DATA LISTING:
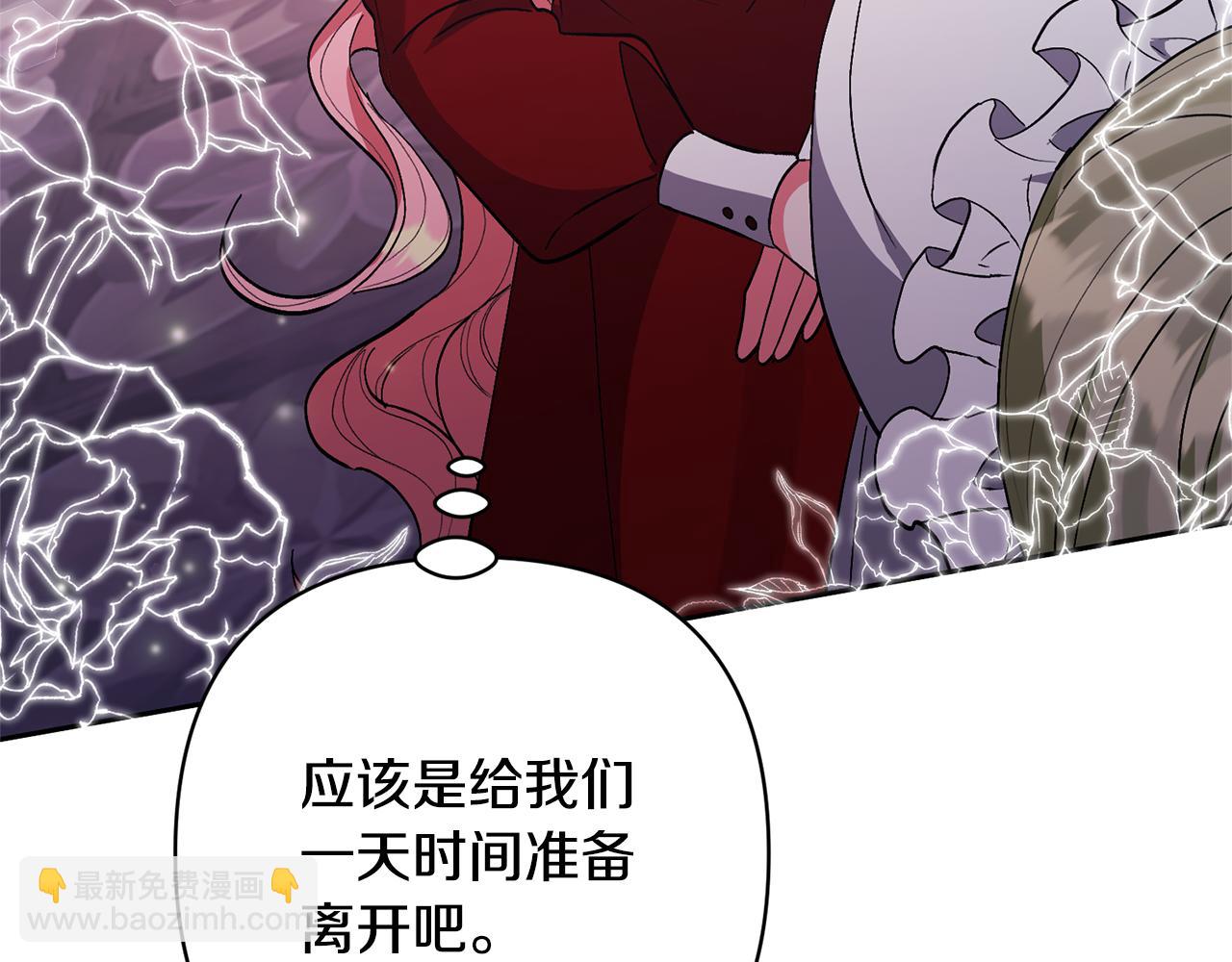 第37话 该离开了162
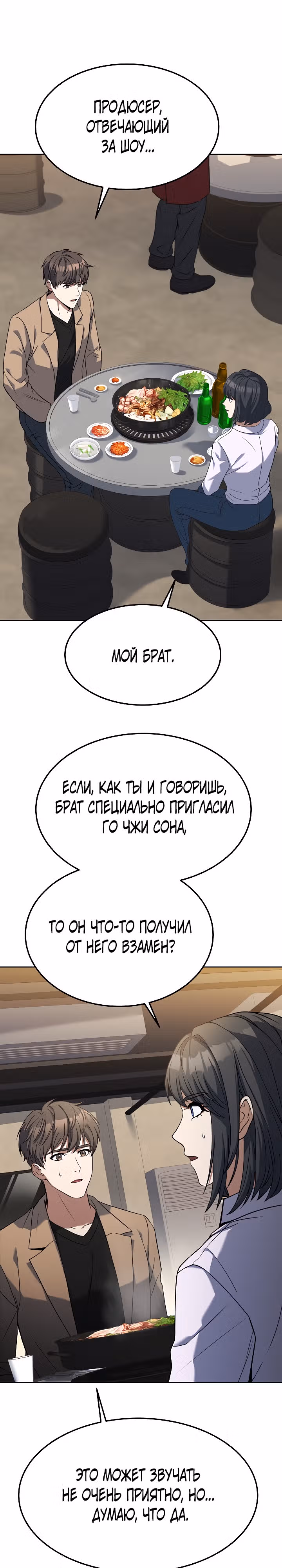Самый молодой повар третьесортного отеля — Том 3 · Глава 80, страница 7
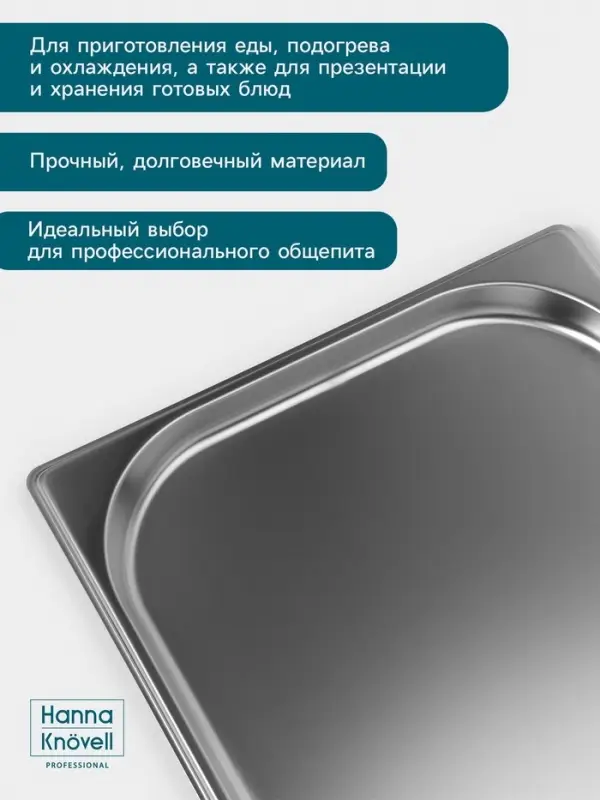 Гастроёмкость GN 1/1 Hanna Kn&ouml;vell, 20 мм, 530&times;325&times;20 мм, толщина 0.8 мм, нержавеющая сталь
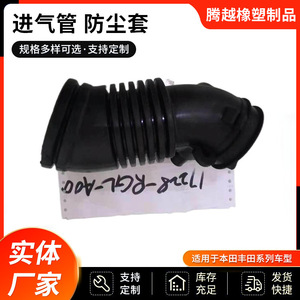 Tubo de Admisión Toyomoto Sumita 17228-RN0-A00 para Toyota Faw Jp, Pieza de Repuesto - Product Image 5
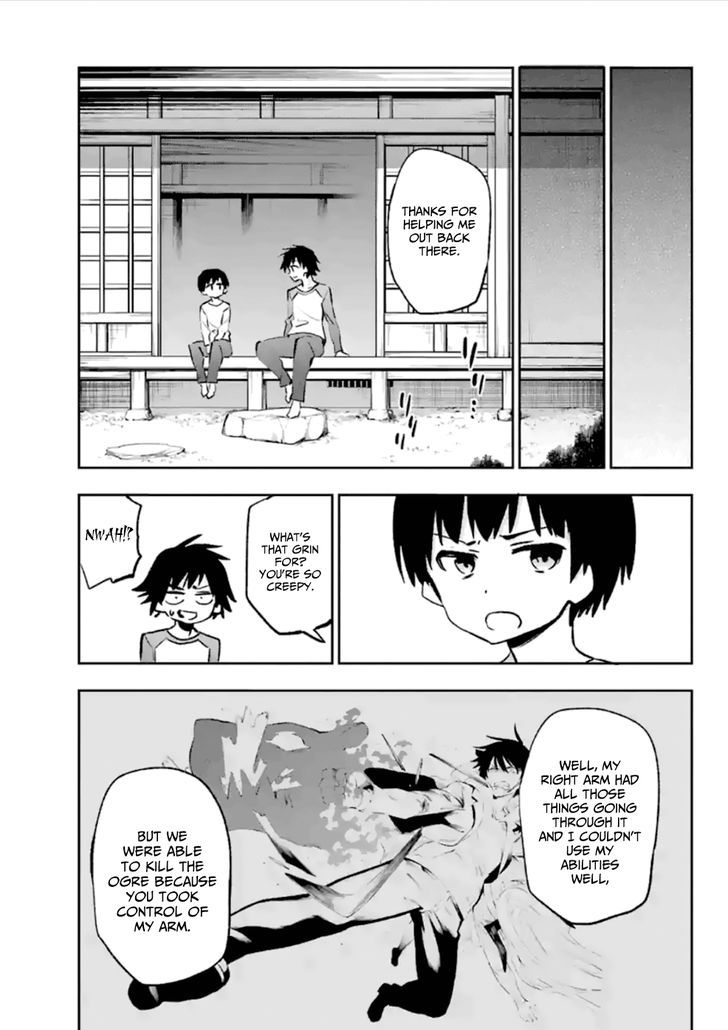 Urami Koi, Koi, Urami Koi. 37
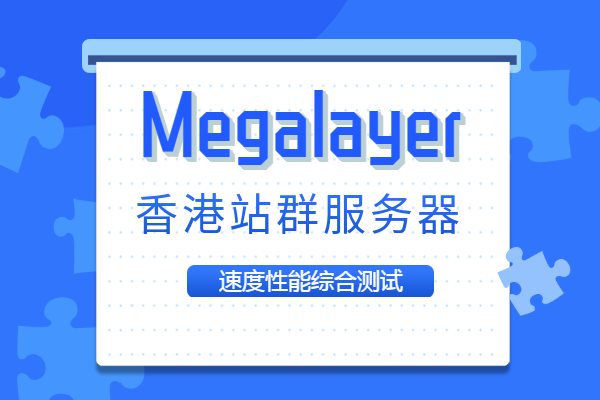 megalayer香港站群服务器测评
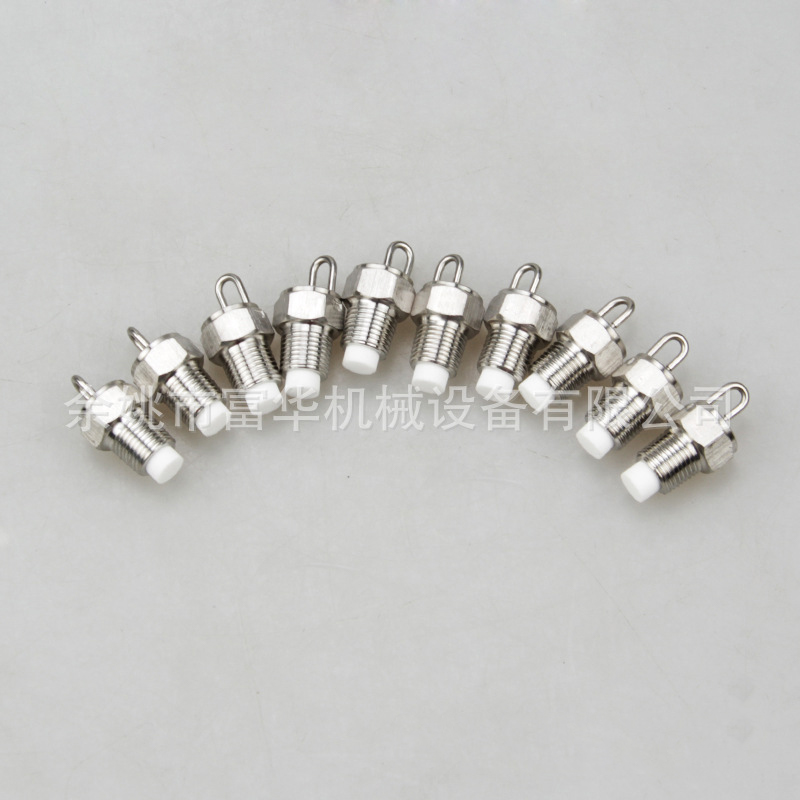 Paip Pembersihan Pukat Putaran Muncul Atomizing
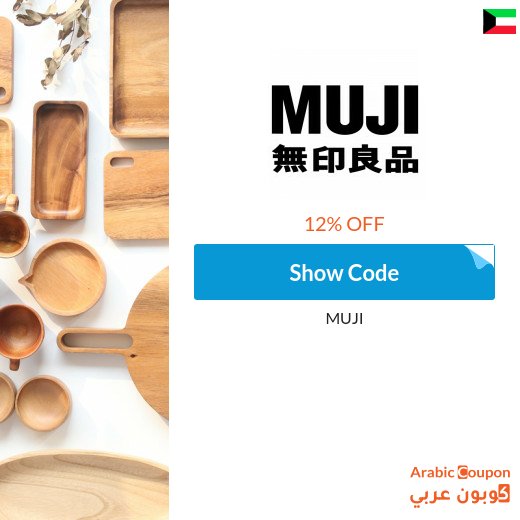 MUJI coupons & promo codes in Kuwait - 2026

WHAT THE EXERCISE ASKS: Extract the lines beginning with the one that contains "megalayer香港站群服务器测评" and ending with the last line of the listing. Keep them exact and drop the pictures.

OUTPUT OF THE EXERCISE:
 megalayer香港站群服务器测评
 Paip Pembersihan Pukat Putaran Muncul Atomizing
 MUJI coupons & promo codes in Kuwait - 2026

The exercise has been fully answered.